They don’t want to wear wrist wraps that are so stiff the material chafes their skin and digs into the backs of their hands.
These Manimal wrist wraps brilliantly strike the balance between support and comfort, which is why they’re our favorite wrist wraps for bench press.
They’re made from cotton, nylon, and elastic, which is supportive and durable without being overly restrictive, and their construction is top-notch, too, so they should withstand years of training. They’re also made in the US, come in a range of designs, and have a lifetime warranty.
There are some caveats, though.
At just under 18” (including the Velcro), they’re slightly shorter than most wraps. Given their soft material, a bit more length would offer more support without compromising comfort. Additionally, their premium quality comes with a higher price tag, which might discourage some.
- Ideal for most gym-goers
- Supportive yet comfortable
- Available in a range of designs
- Come with a lifetime warranty
Best Budget Wrist Wraps: Harbinger Wrist Wraps
- Price: $13.08-to-$14.94
- Length: 18”
- Width: 3”
- Material: NA
Harbinger wrist wraps are an affordable choice for those new to using wraps.
The company doesn’t detail the materials they use. Still, the wraps feel sturdy enough, the Velcro is decent, and the built quality is very passable.
After a few weeks, the logo patch on my pair started to fray. This cosmetic issue doesn’t impact their performance, but it raises questions about how well they’ll stand the test of continued use.
If you’re a beginner or watching your budget, these Harbinger wrist wraps are a viable solution. But if you’re after something that’ll last several years of heavy use, you might want to consider other options.
- Build quality and materials are decent
- May not last as long as other wraps
- No information about the materials used
Best Premium Wrist Wraps: Inzer Gripper Wrist Wraps
- Price: $28
- Length: 20” and 36”
- Width: 3”
- Material: NA
There’s a lot to love about these Inzer wraps.
They boast an innovative design featuring strips of exposed rubber down the length of the wrap, which helps the fabric grip your skin and itself, preventing it from moving or loosening while you lift.
They also have unique thumb loops spanning the wrap’s entire width, eliminating the hassle of having to discern the left wrap from the right. Plus, they’re impressively durable, so they look and feel brand new, even after months of heavy use.
However, some aspects held them back from being our top choice.
The rubber strips, while functional, can be uncomfortable on the skin. Inzer also gives no information about the materials used. This isn’t a huge deal, but knowing what you’re spending your money on would be good.
Additionally, the only color option—a garish black and yellow—may not appeal to everyone.

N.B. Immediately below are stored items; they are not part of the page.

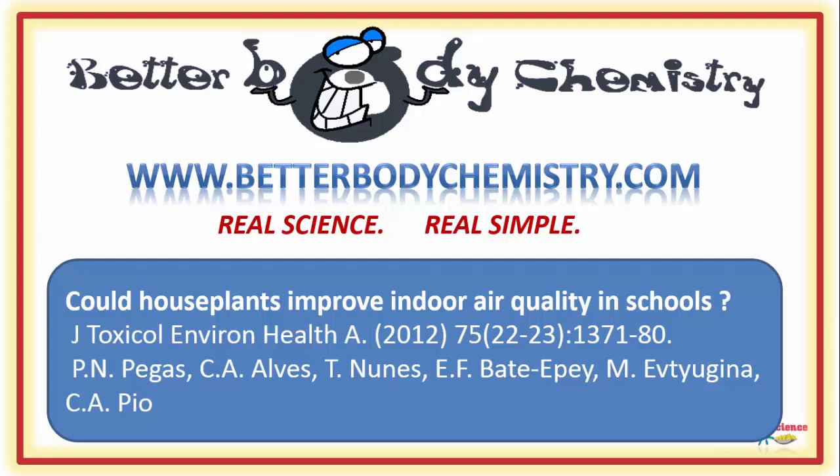And if this is your first time here, be sure to subscribe to our channel so you catch future episodes of Better Body Chemistry TV. Thank you so much for watching and I'll see you next time. Remember, small things can make a big difference to your health.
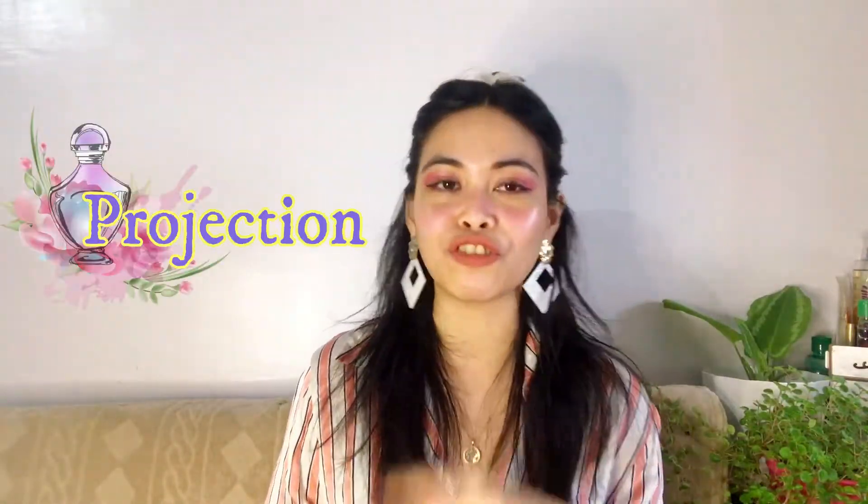For sillage, it's really strong on the initial spray and still present for the first two to three hours of wearing it — people can still smell you and there is a trail of fragrance following you. For projection, just like the sillage, it's great on the initial spray and still there in the first to third hour of wearing the fragrance. Excellent sillage and projection means you are buying quality perfume.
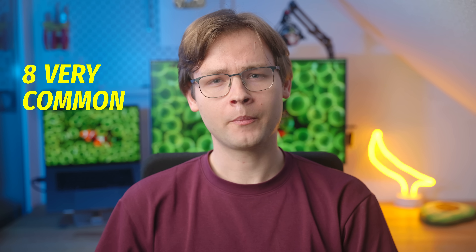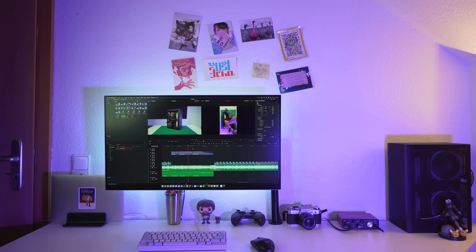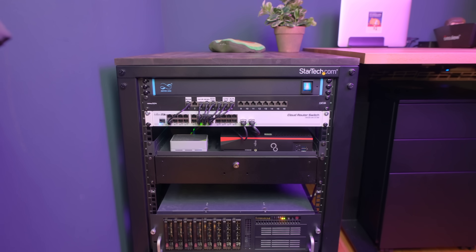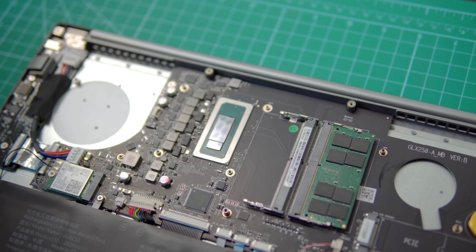Hey everyone, today I want to talk about eight very common power efficiency myths when it comes to home servers. Things I see very often in my comment section as well as in other places on the internet. A lot of them are things that are true when it comes to general purpose computing but just don't really apply when it comes to server builds. So if you're new to home labbing you should definitely stick around for this one, because a lot of those things were pretty new to me as well.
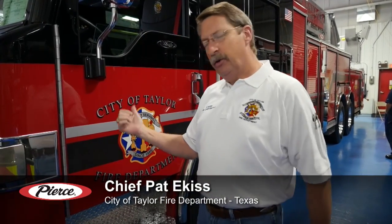Good morning. We're here on the blue floor at Pierce. I'm Pat Hekas, Fire Chief of the City of Taylor, and I want to introduce you to our new Pierce 105 Velocity. This is the first custom apparatus that the City of Taylor has purchased. We have an apparatus committee that worked hard, probably about a year and a half, to develop the specifications and produce what you see today, through the assistance of the sales team here at Pierce and also Siddons Mart in Texas.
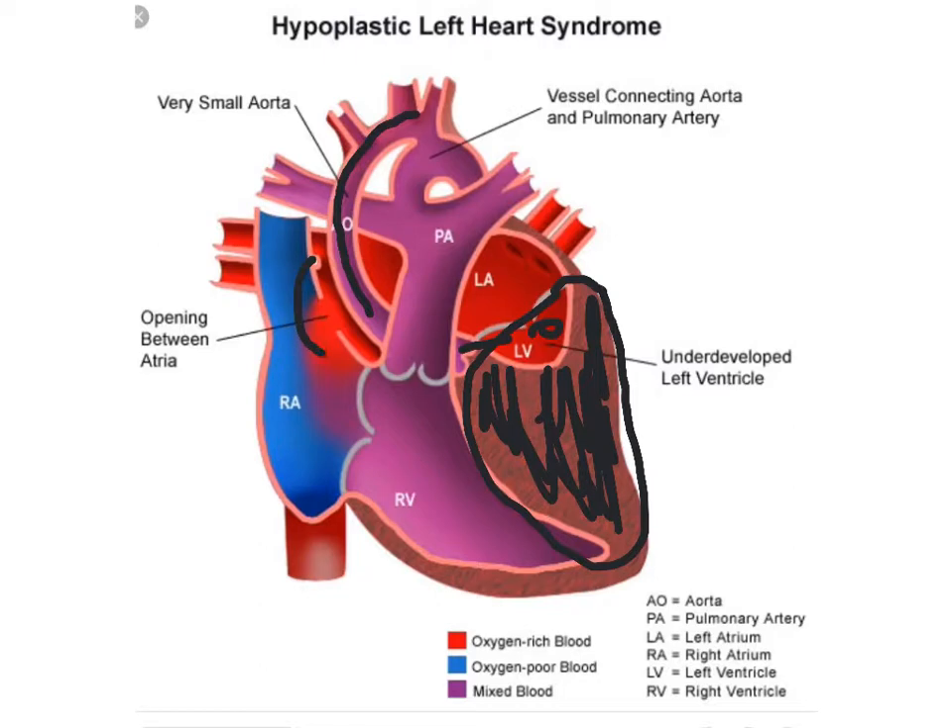You need this ASD desperately — the bigger it is, the better it is. Because that is your only mixing point of blood from the left atrium to the right atrium and out to the RV. You've got blood going from the LA under the PA and through the ASD into the RV, out the PA, and it goes both to the lungs and also through the ductus. Sometimes they call it a vessel because it truly becomes the aorta, but it depends on who's looking at the picture.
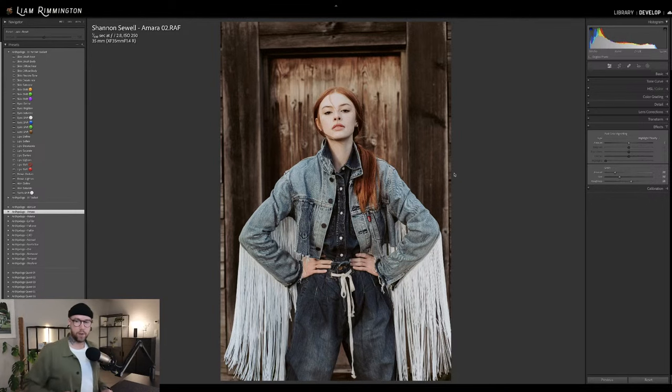All right, so this is the last image — by Shannon, edited with Amara 2. Amara is our brand new preset collection available at archipelagopresets.com, released a week ago, and there's been a lot of love for this preset collection. The AI portrait tool set we've been showcasing in this stream was actually developed alongside Amara and designed to work hand in hand. Just as a reminder, if you're watching this live, make sure you're jumping in the chat and interacting — once I've edited this image, we'll be announcing some winners for free preset collections. The feedback for Amara has been absolutely amazing.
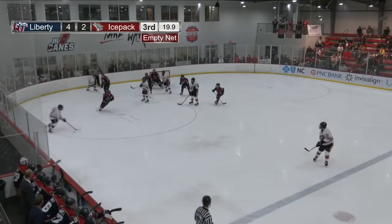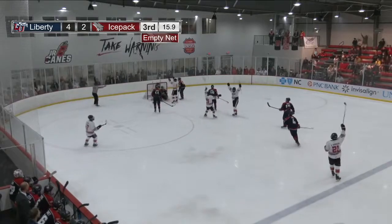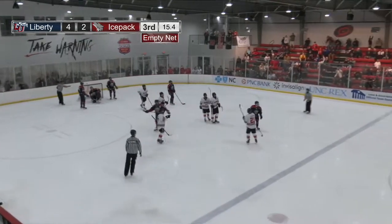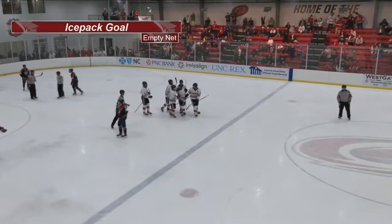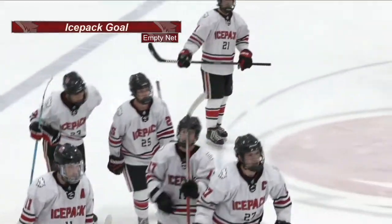Johnson taking it down the left side, drop for Arrini, Arrini to the point, Robinson — his wrister tipped on the way and they score! Who else but Chris Solomon in the slot, deflecting that one in. And NC State maybe just barely has life. It's 4-3.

And, priced at $28, they’re a premium option that may stretch some budgets.
- Highly secure
- Very durable
- Can wrap in either direction on either hand
- May be uncomfortable for some
- Only one color option
- A little expensive
Best Stiff Wrist Wraps: SBD Wrist Wraps
- Price: $42.50
- Length: 40 cm (small), 60 cm (medium), and 100 cm (large)
- Width: 3”
- Material: NA
SBD offers its wraps in two levels of support: flexible and stiff.

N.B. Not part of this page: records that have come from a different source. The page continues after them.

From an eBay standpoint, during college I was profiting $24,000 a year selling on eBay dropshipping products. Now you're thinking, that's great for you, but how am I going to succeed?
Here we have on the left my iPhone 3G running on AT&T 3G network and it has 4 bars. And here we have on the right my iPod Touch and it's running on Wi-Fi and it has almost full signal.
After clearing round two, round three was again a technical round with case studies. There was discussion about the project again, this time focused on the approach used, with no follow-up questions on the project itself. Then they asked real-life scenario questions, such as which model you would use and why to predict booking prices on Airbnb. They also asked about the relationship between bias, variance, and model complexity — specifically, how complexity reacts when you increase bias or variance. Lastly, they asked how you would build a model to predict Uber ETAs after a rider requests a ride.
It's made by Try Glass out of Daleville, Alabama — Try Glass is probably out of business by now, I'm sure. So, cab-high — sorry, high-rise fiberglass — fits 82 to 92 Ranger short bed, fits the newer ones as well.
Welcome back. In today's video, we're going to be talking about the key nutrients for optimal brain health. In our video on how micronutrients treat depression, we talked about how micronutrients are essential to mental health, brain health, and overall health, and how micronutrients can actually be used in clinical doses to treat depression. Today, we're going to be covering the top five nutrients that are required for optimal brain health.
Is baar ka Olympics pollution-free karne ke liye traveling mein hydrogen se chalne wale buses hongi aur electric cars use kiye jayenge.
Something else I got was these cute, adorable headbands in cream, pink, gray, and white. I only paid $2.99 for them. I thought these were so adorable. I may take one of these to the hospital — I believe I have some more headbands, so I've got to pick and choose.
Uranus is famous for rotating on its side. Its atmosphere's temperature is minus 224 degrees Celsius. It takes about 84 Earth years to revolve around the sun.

If you’re looking for wraps that’ll completely immobilize your wrist joint, the stiff SBD wrist wraps are the best option we tested.
As expected from SBD, their construction is top-notch, with premium materials and Velcro.
Bear in mind, though, that they’re not suitable for everyone—even SBD advises using the flexible option for regular training.
That’s because their stiff wraps, while providing unparalleled support, are uncomfortable. They limit wrist movement to the point of feeling restrictive and can be challenging to wear, especially when they dig into the back of your hand
The discomfort also extends to their price, standing as the costliest at $42.50.
- Highly supportive
- Well made
- Very uncomfortable
Most Comfortable Wrist Wraps: Schiek 1100-WS Wrist Wraps
- Price: $22.95
- Length: 17″
- Width: 2.5″
- Material: Nylon and neoprene
Schiek’s 1100-WS wrist wraps showcase the company’s knack for innovation.
Their standout feature is a neoprene interior lining, which makes them the most comfortable wrist wraps we tested.
Schiek’s wrist wraps also fasten using a metal buckle, which feels secure and is arguably easier to use than regular Velcro. Additionally, they’re made in the US and come in a range of colors, which some consumers will like.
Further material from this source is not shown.